[Opening Extracted entries section]

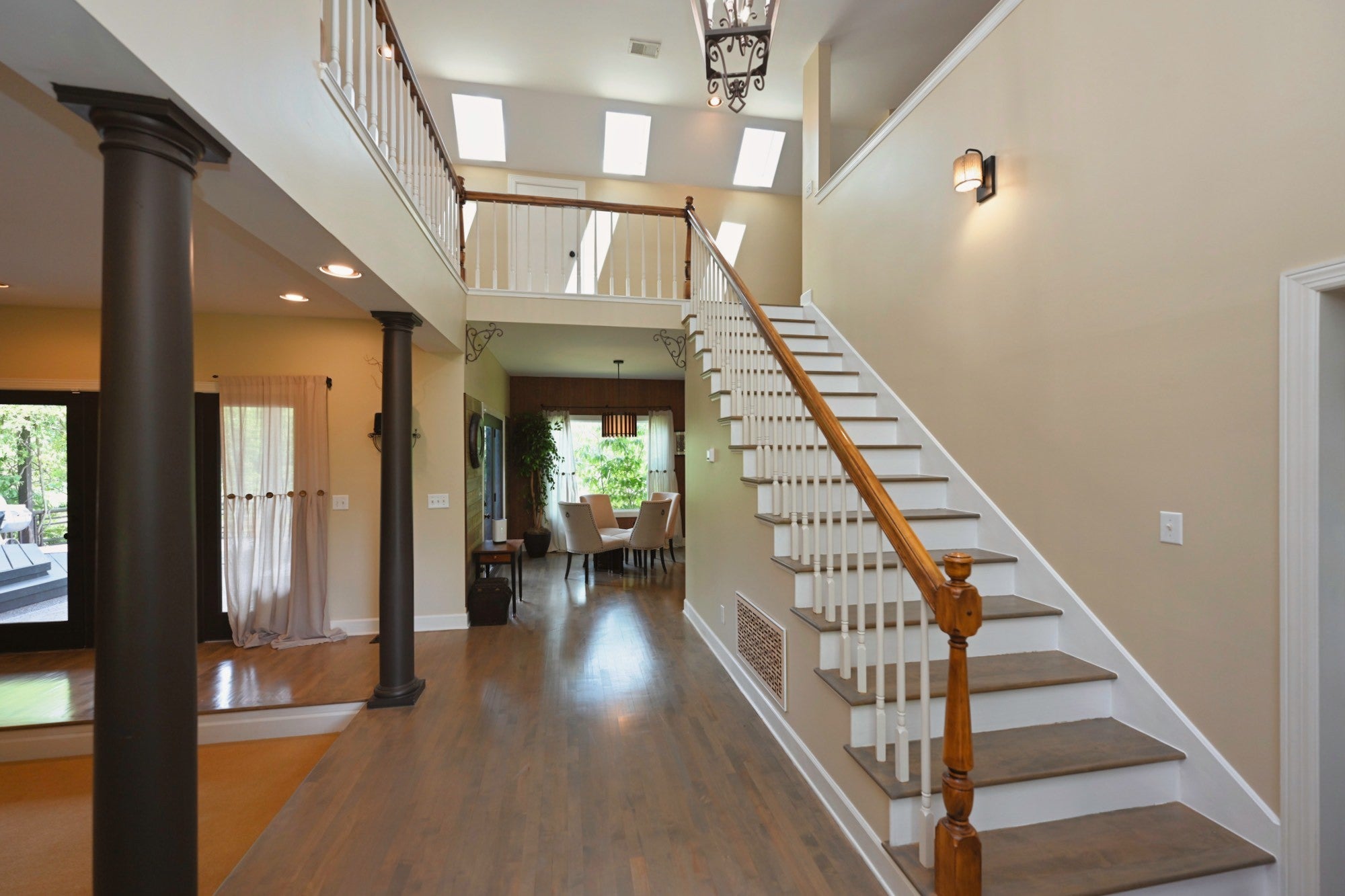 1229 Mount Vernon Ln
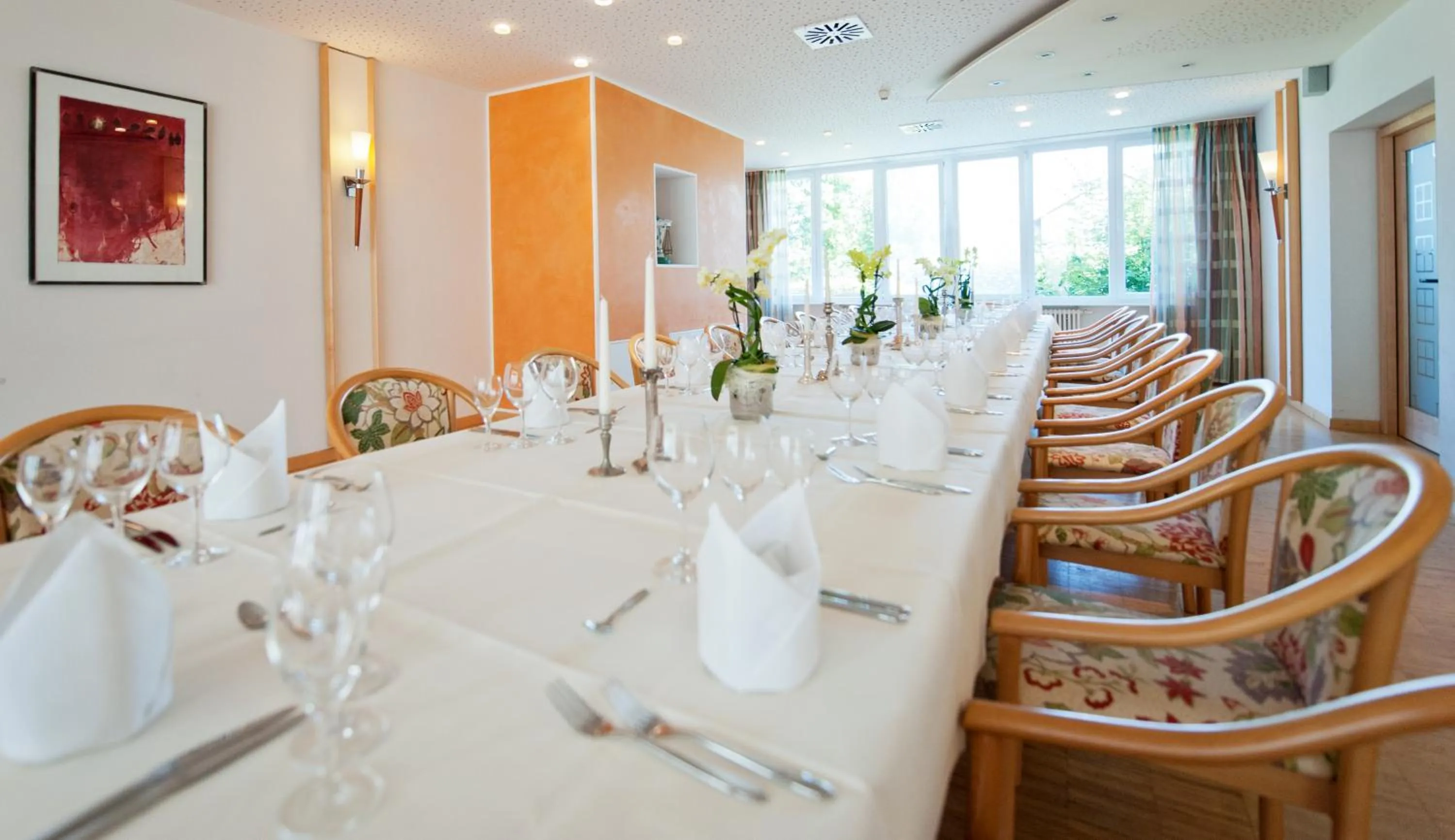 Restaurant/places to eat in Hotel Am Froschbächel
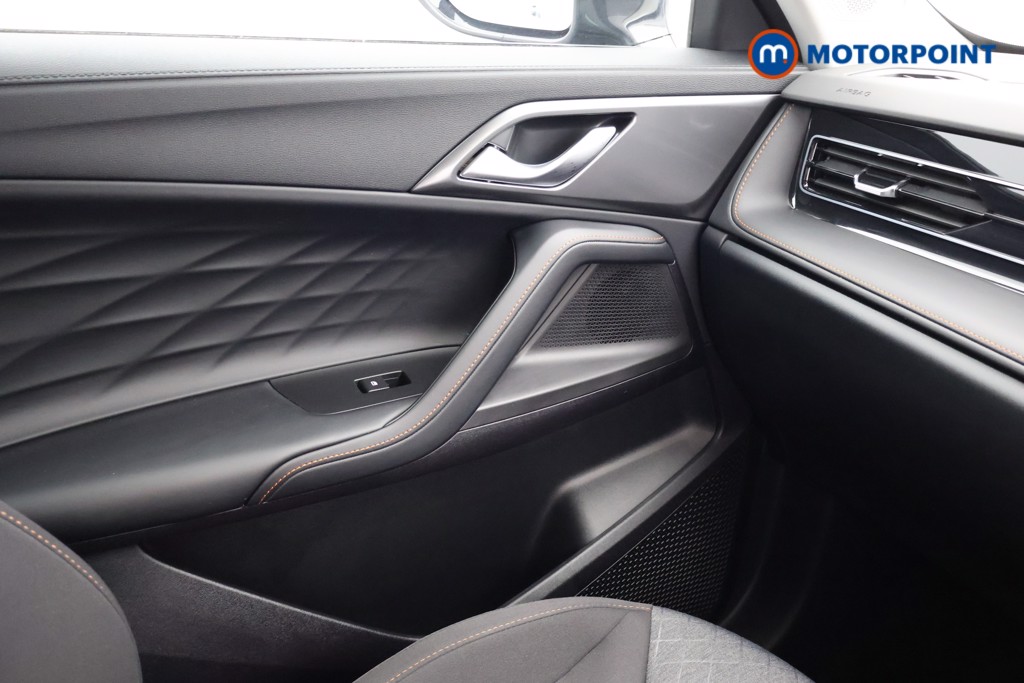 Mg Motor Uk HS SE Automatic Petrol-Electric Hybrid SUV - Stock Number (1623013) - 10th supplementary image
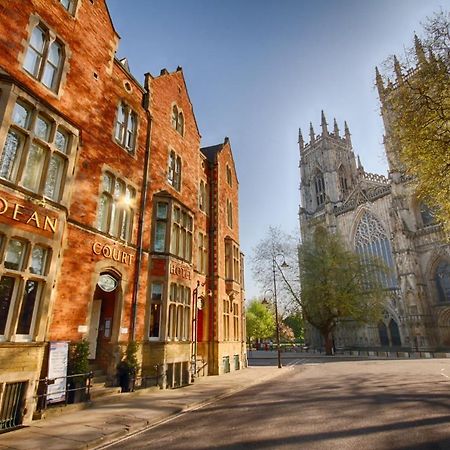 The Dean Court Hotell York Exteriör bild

[Closing Extracted entries section]
[Opening Extracted entries section]

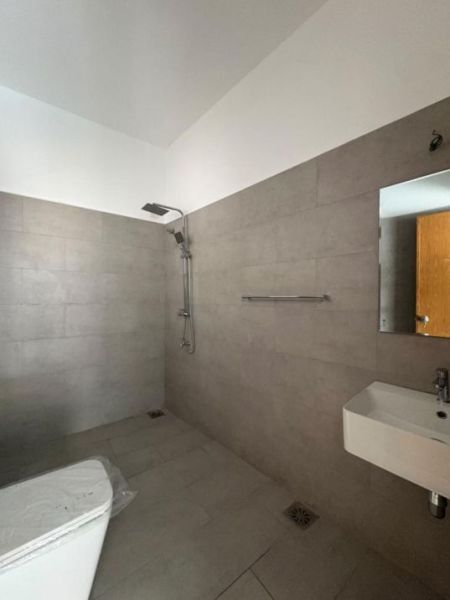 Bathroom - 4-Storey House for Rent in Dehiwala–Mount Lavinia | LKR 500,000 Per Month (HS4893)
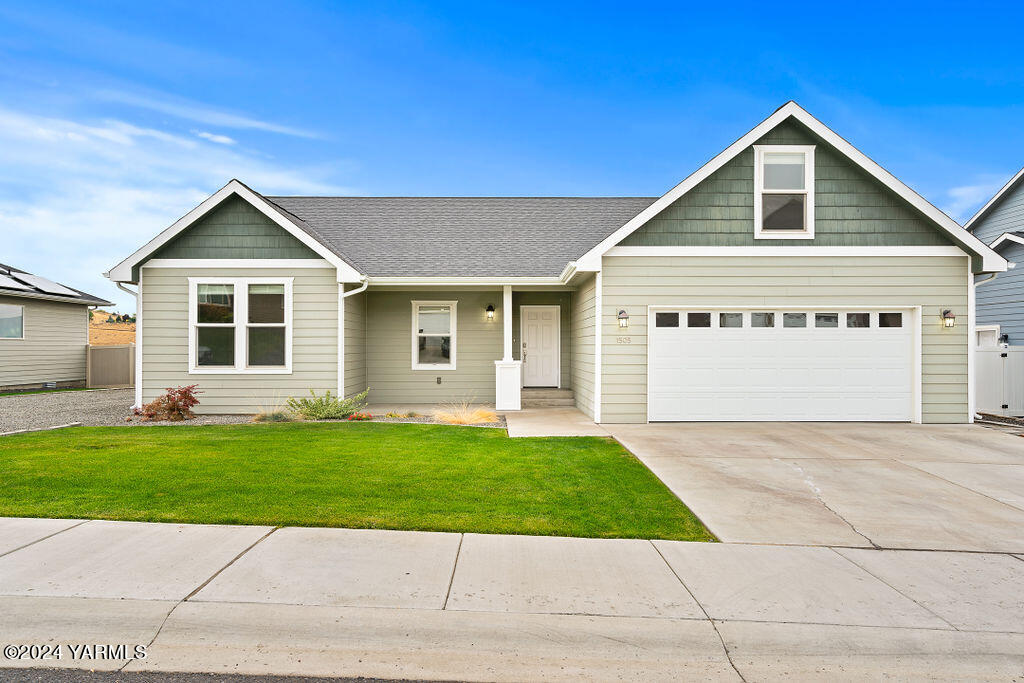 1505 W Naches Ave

[Closing Extracted entries section]

• _Exercise prompt_
Copy out the lines above from the line containing "Bathroom - 4-Storey" through the line containing "1505 W Naches Ave", exactly, and keep the pictures out.

• _Solution for this problem_
 Bathroom - 4-Storey House for Rent in Dehiwala–Mount Lavinia | LKR 500,000 Per Month (HS4893)
 1505 W Naches Ave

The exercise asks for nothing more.